13 Ways to Raise Kids Who Aren’t Entitled
Laura Markham, PhD, Guest
“Contemporary American kids may represent the most indulged young people in the history of the world…. they’ve been given unprecedented amounts of stuff.” – Elizabeth Kolbert, in her New Yorker article Spoiled Rotten: Why do kids rule the roost?
Kolbert’s right that all of us — not just young people — have a lot more stuff today. This doesn’t answer the questions raised in her article about why kids don’t help out, or are disrespectful or disobedient. (We’ll get to those next week.) But maybe it does address another question that’s implied by the term “spoiled” in the headline of her article — Why do so many young people today seem to feel so entitled?
Of course, this isn’t true of all young people. 21% of kids live in poverty and another 23% are considered to live in low income families. Almost half of American children probably grow up in a state of needy longing, as they watch TV and assume other kids have something they don’t. Living in poverty is one of the prime risk factors for kids’ well-being, so these are the children our society is failing most obviously.
And I know plenty of kids who aren’t “entitled” at all — teens who express gratitude for what they have. But younger kids, age appropriately, don’t have a context for life. They don’t actually know the value of a dollar, or even whether they’re lucky or unlucky — only that their friend Bobby has cooler sneakers.
But I do know families where even teens, who could know better, do seem to feel “entitled” to lots of material possessions.

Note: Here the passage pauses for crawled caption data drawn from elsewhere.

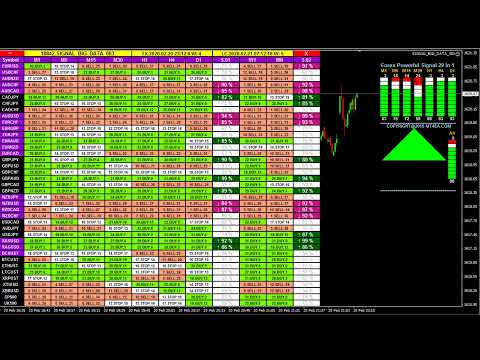 LIVE FOREX TRADING SIGNALS [1,029 Forex Indicators In 1 Signal] FX Alert Analysis All Currency Pairs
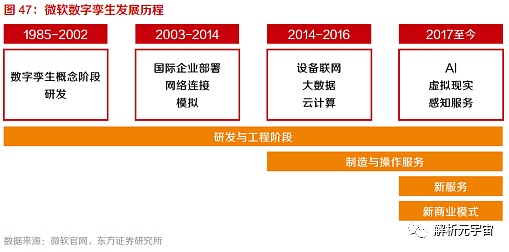 10个问题说清楚 什么是元宇宙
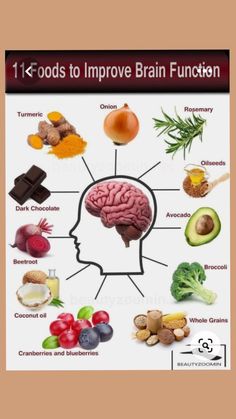 Healthy Food Chart, Masakan Malaysia, Brain Healthy Foods, Brain Foods, Food Health Benefits, Improve Brain Function, Makanan Diet, Herbs For Health, Healthy Brain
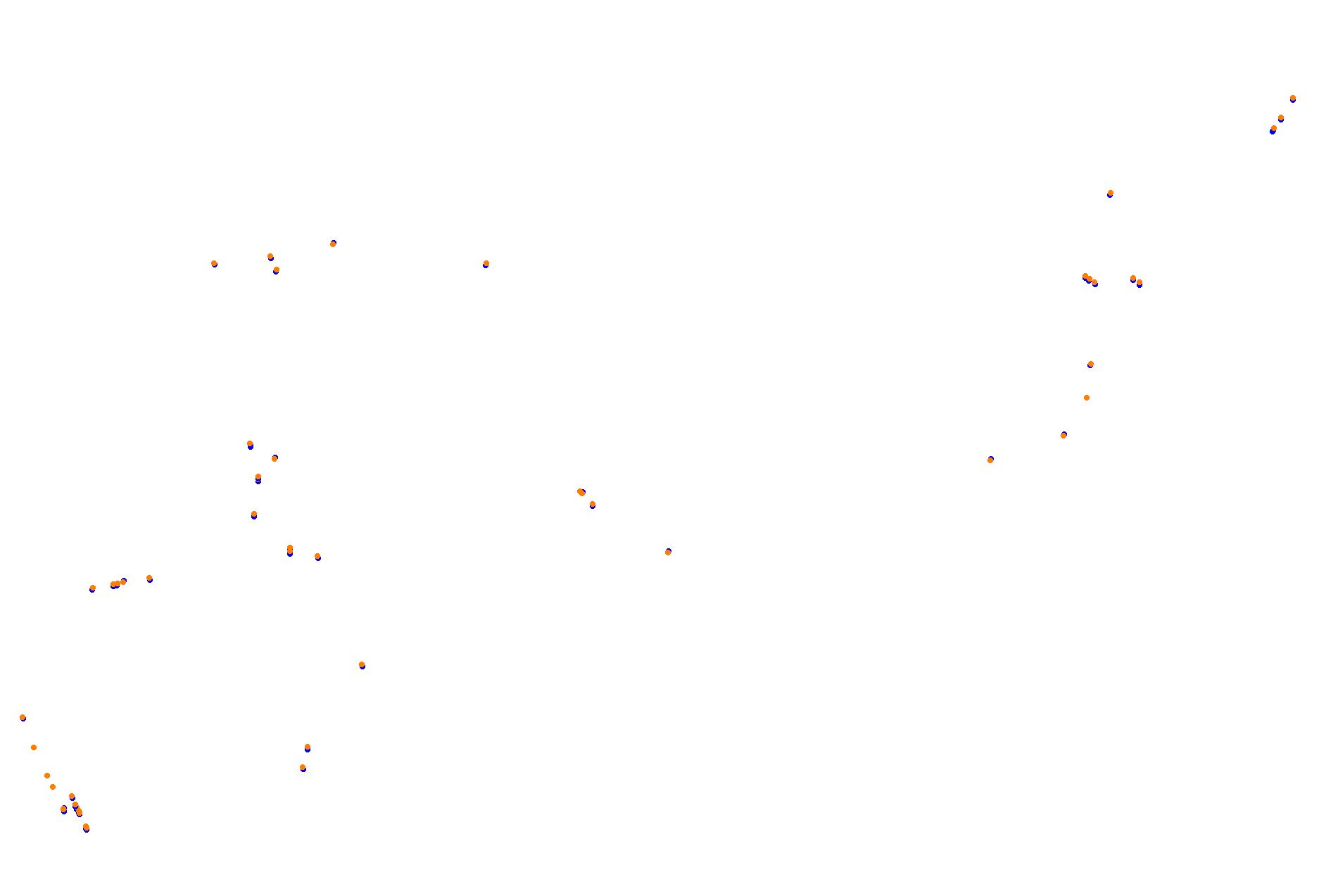 Sochi Autrodom collisions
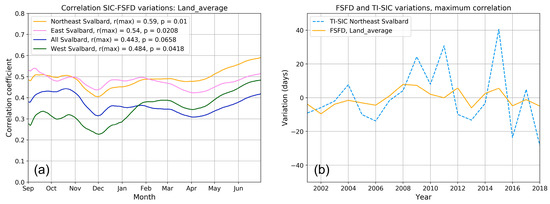 Remotesensing 12 01123 g0a5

How can parents avoid this?
1. Teach Values: What matters most to you? The people you love? Doing good in the world? Following your passions? I’m betting you didn’t say “Stuff.” Kids near to hear explicitly what matters most.

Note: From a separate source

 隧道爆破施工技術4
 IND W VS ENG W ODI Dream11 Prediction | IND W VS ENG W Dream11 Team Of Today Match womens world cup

2. Role Model: Children won’t always do what you say, but they’ll always, eventually, do what you do. If you shop for relaxation or fun, so will your child. If you “must have” the latest tech toy, your child will follow in your footsteps.
3. Counteract the message that happiness can be bought. As parents, we need to remember that we aren’t the only ones teaching our children about life. TV is a very effective teacher, and if it has your child’s ear, it has a direct line to her brain. Studies show that most adults say they’re not affected by TV ads, but in fact those ads influence them deeply. Imagine how much more true that is for children, who get the constant media message that the goal of life is more money and more things. Ultimately, what we model and what we tell them will matter more, but we need to confront those destructive messages directly, and when possible keep them from reaching our kids.

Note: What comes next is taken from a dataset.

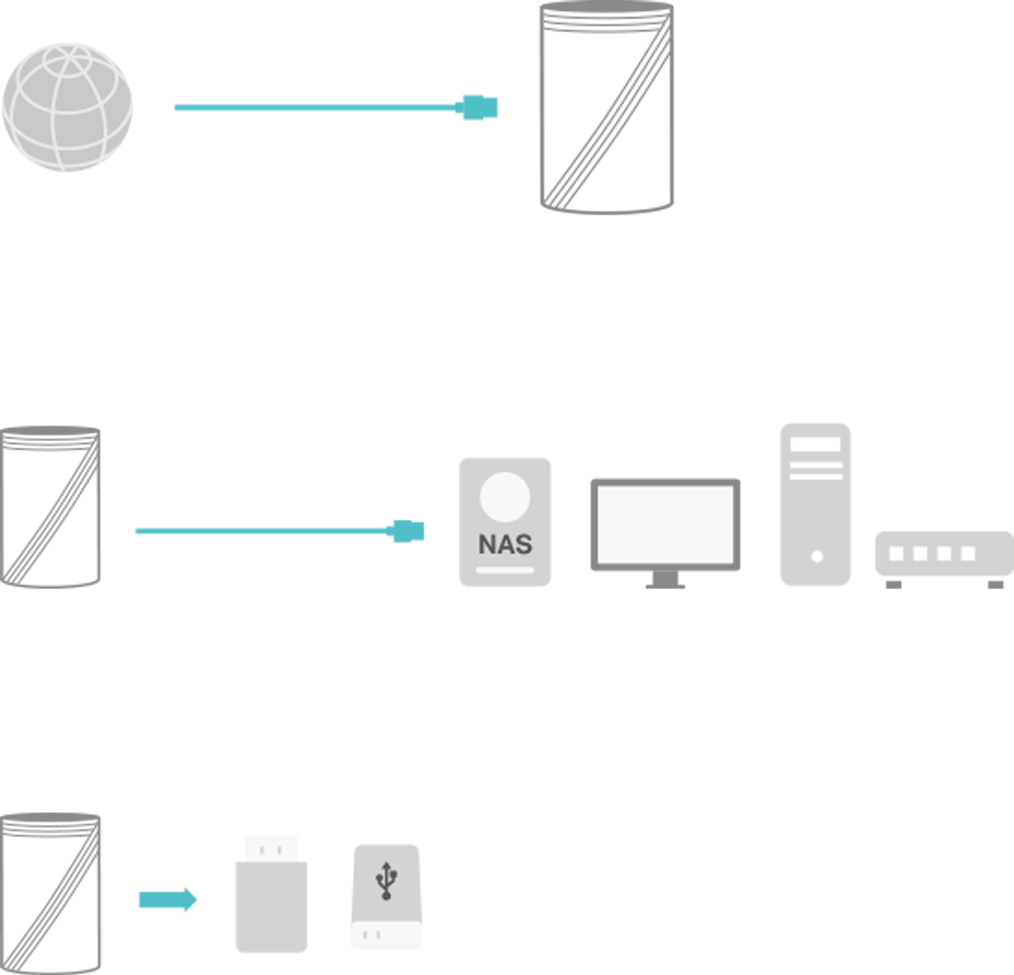 three different connection modes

4. Recognize that buying is an addiction, since our brains give us a hit of dopamine every time we chase, conquer, acquire. It isn’t wanting that gets us into trouble, it’s WHAT we want. Material things don’t satisfy our hunting urge for more than a day or so before we crave more. Instead, help kids discover the emotional rewards of other kinds of chases besides shopping, such as practicing and getting good at playing basketball, cooking, writing, music, or some other passion. (Reminder: This needs to be the child’s passion for it to be rewarding.)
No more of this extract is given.